N.Y museum is a time capsule

The kitchen of the Baldizzi family [Courtesy of the Lower East Side Tenement Museum]

NEW YORK — European Jewish immigrants pouring into New York City in the late 19th or early 20th centuries usually ended up in the crowded tenements of the teeming Lower East Side.

There they adapted to America, the goldenne medine, and dreamed of forging a better future for themselves and their children and grandchildren.

One of the tenements that accommodated these huddled masses is located at 97 Orchard St., near the corner of Delancey Street, in the heart of a bustling, colourful district that now encompasses Chinatown and Little Italy.

By all accounts, this five-storey red brick tenement was home to about 7,000 immigrants from more than 20 countries between 1863 and 1935.

Since the late 1980s, this non-descript building has housed the Lower East Side Tenement Museum, a renovated time capsule that imparts a flavour of that era’s living conditions.

One of the first high-rise residential buildings in the city, and the first tenement to be added to the National Register of Historic Places in the United States, it was built by German-born entrepreneur Lukas Glockner when this area was known as Kleine Deutschland, or Little Germany.

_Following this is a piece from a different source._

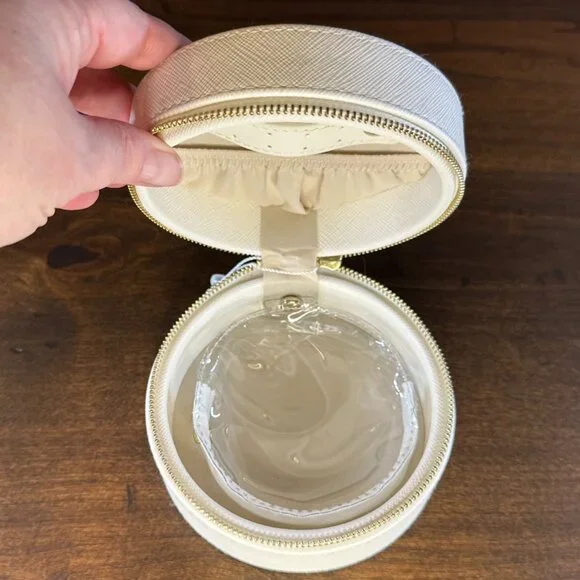 Mud Pie "good as gold' Round Jewelry Travel Box - NWT - Picture 3 of 5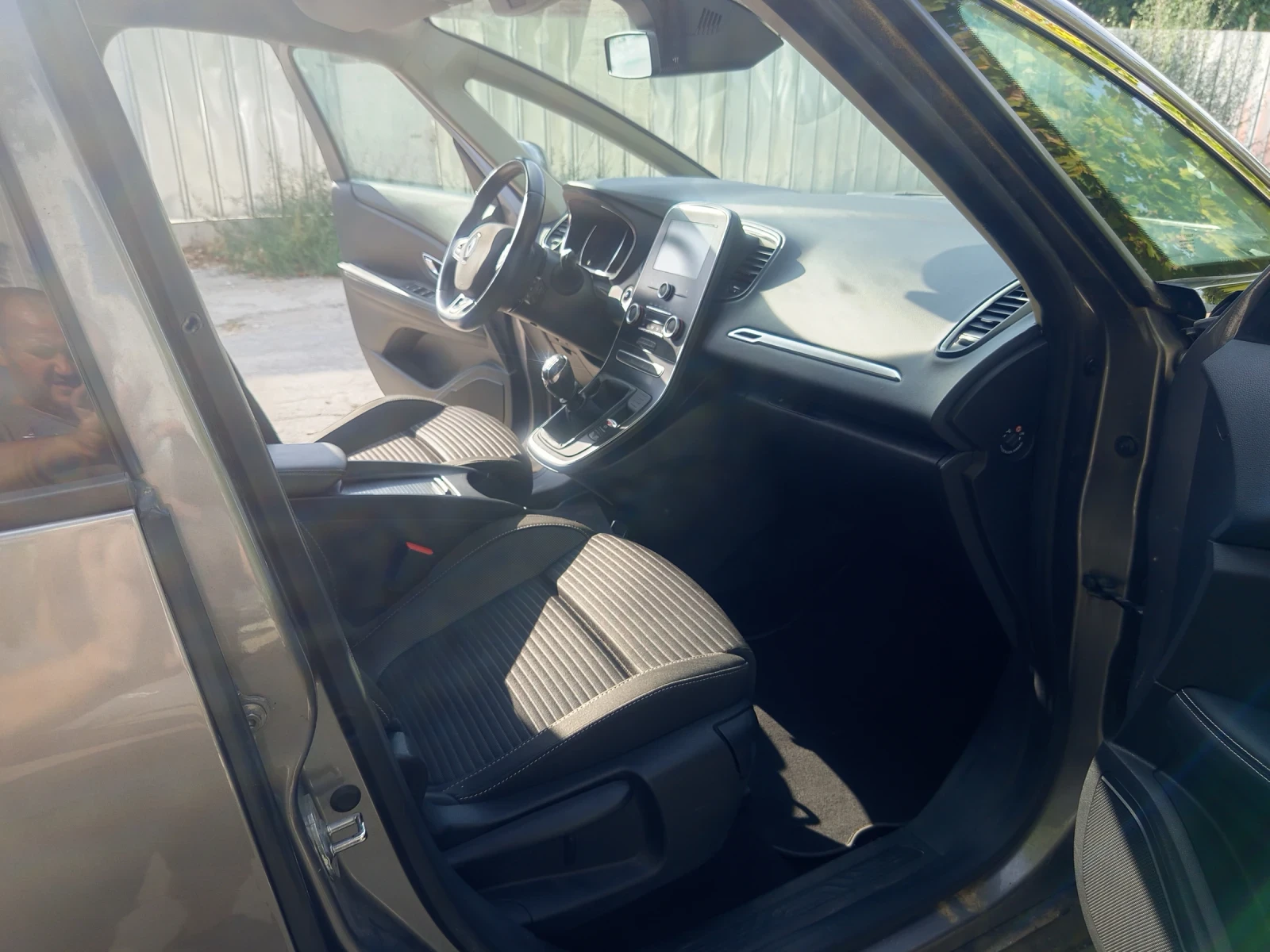 Renault Scenic  - изображение 7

With the passage of time, Germans moved out and eastern European Jews, Italians, Chinese and Poles moved in, giving it a polyglot hue.

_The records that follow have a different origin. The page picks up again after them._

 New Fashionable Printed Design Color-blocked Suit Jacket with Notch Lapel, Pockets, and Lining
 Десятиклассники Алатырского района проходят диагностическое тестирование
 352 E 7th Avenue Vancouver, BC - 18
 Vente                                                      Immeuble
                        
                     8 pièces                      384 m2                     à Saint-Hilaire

Originally, the tenement contained 22 apartments and a basement level saloon, but modifications converted two flats into commercial space. By the dawn of the 20th century, 97 Orchard St. had some 70 tenants, many from Prussia, residing in 20 units.

The museum is open seven days a week and can be seen only by guided tour from 10:30 a.m. to 5 p.m.

It offers five tours of the tenement, which is officially defined as a building housing three or more unrelated families. Four of the tours last 60 minutes each, and the grand tour is two hours long.

The 60 minute tours are “Getting By,” which focuses on a German-Jewish and an Italian Catholic family; “Piecing It Together,” which is about two Jewish families; “The Moores: An Irish Family in America,” which showcases the Irish experience in the United States, and “Confino Family Program,” which concentrates on a newly arrived Sephardi family from Greece.

“Past and Present” is an amalgamation of the first two tours. In addition, the museum offers 90-minute and 120-minute walking tours of the Lower East Side.

I opted for the “Getting By” tour, which zeroes in on the Gumpertz and Baldizzi families.

Julius and Nathalie Gumpertz were Prussian Jews, he a shoemaker and she a seamstress. They arrived in America after the financial panic of 1873.

The couple and their four children – Rosa, Nannie, Olga and Isaac, who died in infancy – lived on the second floor, which was accessible via a creaky flight of stairs.

Their dark, gloomy, virtually windowless flat was small, a mere 325 square feet, and their furniture was utilitarian and drab.

They had no central heating and were dependent on a coal-burning stove in the kitchen. Initially, they had no indoor plumbing and were reliant on outhouses in the backyard. After 1900, they had cold running water, gas and electricity.

Their story, as told by a guide, is infinitely sad. Julius, perhaps in desperation over his failure to make ends meet, abandoned his family one fine day and never returned.

Forced to fend for herself and her children, Nathalie rustled up piecework from nearby garment factories, toiling over a sewing machine in her living room, which has a view of a street.

Adolpho and Rosario Baldizzi arrived in the United States from Italy in 1928, when conditions in the tenement had improved.

Their flat, no larger than that of the Gumpertz family, was lit by an electric bulb and had a toilet and spigots dispensing cold water. This was progress, but the Baldizzis were nevertheless poor and had to struggle.

Adolpho was a freelance carpenter who eked out a precarious livelihood. He could never be sure he would earn a penny on a given day. He could only hope that someone would hire him as he waited on the curb for a job. His toolbox sits on the floor, a testament to his trade.

His daughter, in a tape recording, reminisces about life in this apartment, speaking in a thick New York accent.

The tour ends in a third flat, which is completely empty. In 1935, the landlord sealed the upper floors and evicted the tenants, leaving only the stoop-level and basement storefronts occupied.

He permitted merchants to keep goods in this apartment, which has been deliberately left in its grungy original condition. The wooden floors are dirty. The walls are grubby. The ceiling is peeling.

If nothing else, this shabby apartment portrays life as it might have been in a Lower East Side tenement once upon a time.